### EXERCISE GOAL
In the entries below, which lines run from the one with "Courtesy photo" through the one with "Lakeland High golfers, from"? Repeat exactly those, both included, and no pictures.

### AVAILABLE DATA
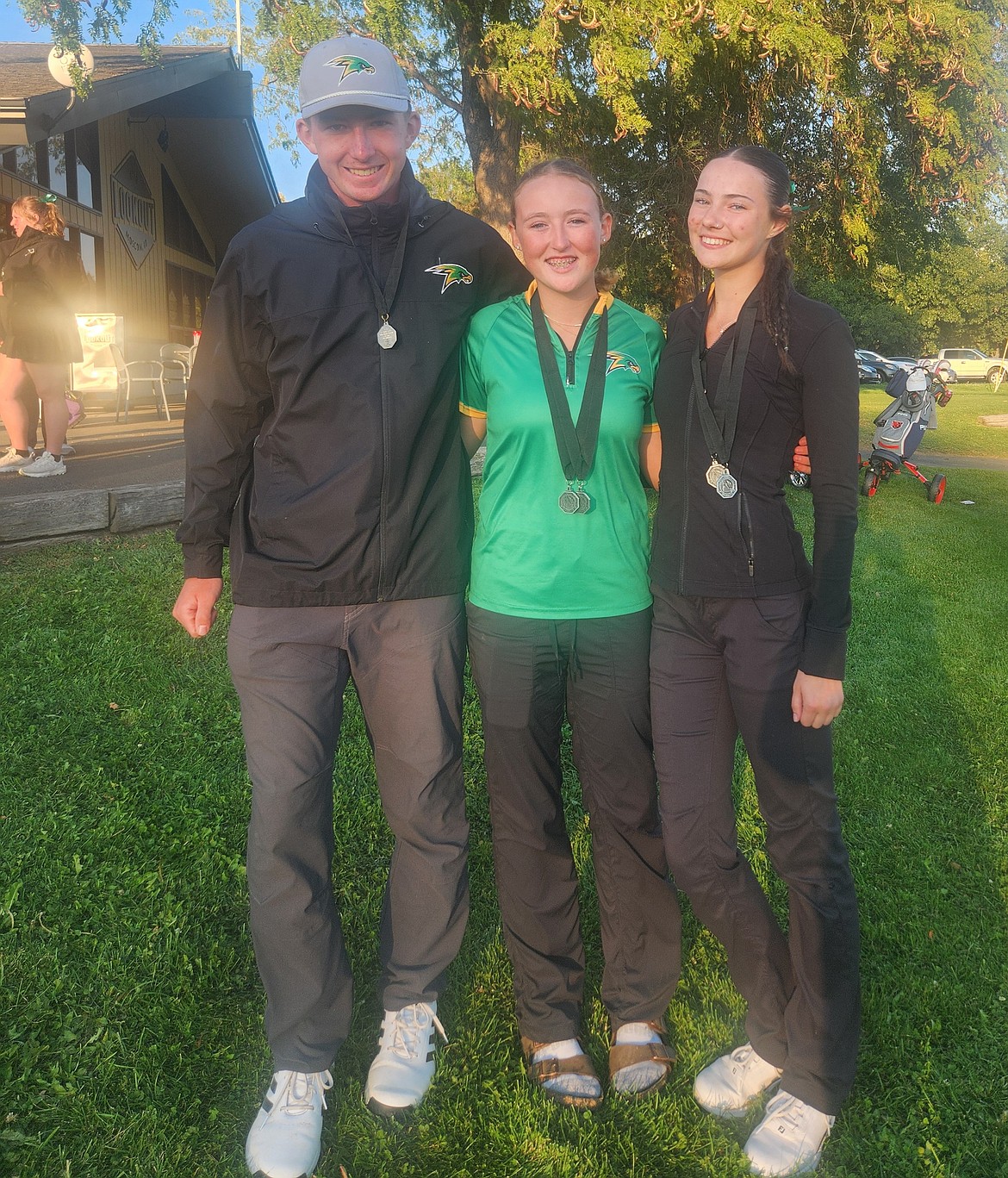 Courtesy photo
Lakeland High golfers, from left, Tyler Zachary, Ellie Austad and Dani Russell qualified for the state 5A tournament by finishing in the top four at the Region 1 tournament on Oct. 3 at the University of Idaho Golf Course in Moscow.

...

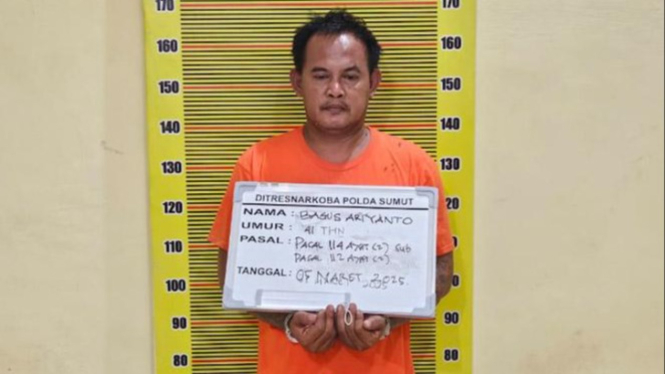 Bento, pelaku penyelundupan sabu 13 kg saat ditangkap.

...

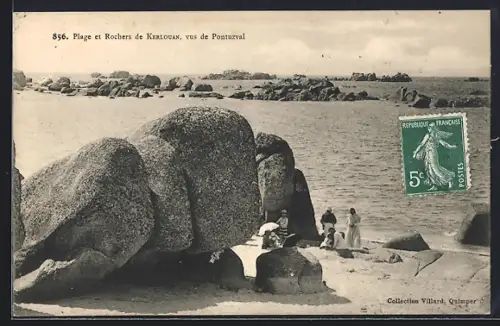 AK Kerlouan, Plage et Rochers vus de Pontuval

### SOLUTION
 Courtesy photo
Lakeland High golfers, from left, Tyler Zachary, Ellie Austad and Dani Russell qualified for the state 5A tournament by finishing in the top four at the Region 1 tournament on Oct. 3 at the University of Idaho Golf Course in Moscow.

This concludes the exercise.